• Data extract:
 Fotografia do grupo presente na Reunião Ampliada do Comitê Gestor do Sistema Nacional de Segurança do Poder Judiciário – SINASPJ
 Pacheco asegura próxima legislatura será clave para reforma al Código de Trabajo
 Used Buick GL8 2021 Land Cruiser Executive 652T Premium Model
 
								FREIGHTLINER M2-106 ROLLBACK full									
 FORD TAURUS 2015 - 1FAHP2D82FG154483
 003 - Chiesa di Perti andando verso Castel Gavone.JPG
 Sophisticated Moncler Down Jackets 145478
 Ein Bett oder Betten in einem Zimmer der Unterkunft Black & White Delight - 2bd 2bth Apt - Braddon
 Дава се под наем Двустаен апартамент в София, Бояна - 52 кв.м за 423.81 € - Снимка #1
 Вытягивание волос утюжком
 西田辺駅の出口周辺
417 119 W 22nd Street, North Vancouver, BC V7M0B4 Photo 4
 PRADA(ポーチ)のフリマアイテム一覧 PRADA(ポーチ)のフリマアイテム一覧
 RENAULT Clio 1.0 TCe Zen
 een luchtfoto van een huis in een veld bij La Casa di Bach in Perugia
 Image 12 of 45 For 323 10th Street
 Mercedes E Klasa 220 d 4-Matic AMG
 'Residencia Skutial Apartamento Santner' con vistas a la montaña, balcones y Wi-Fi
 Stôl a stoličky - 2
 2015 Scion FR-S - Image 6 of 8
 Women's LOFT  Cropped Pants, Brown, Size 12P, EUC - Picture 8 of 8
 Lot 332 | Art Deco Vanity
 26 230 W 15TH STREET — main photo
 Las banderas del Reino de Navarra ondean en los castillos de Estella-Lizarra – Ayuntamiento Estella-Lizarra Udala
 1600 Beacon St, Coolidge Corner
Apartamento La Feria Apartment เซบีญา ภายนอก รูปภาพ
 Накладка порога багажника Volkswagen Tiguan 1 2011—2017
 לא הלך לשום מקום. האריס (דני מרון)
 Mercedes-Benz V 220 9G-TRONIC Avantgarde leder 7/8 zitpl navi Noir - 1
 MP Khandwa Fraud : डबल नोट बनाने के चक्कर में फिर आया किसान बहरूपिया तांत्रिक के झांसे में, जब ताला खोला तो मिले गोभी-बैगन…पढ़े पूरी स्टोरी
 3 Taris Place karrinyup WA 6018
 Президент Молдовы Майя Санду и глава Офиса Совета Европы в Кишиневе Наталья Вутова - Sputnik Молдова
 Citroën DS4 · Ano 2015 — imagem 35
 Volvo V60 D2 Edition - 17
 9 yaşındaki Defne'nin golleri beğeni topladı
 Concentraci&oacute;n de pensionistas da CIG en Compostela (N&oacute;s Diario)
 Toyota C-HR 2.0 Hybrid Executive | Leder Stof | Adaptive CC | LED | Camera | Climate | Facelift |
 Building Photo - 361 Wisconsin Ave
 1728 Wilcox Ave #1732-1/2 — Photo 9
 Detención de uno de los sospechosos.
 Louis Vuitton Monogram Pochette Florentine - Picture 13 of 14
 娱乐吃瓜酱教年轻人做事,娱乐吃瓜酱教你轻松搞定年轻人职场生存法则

• Assignment: Please copy each line of the records above that holds the word "Mercedes".

• Result of this task:
 Mercedes E Klasa 220 d 4-Matic AMG
 Mercedes-Benz V 220 9G-TRONIC Avantgarde leder 7/8 zitpl navi Noir - 1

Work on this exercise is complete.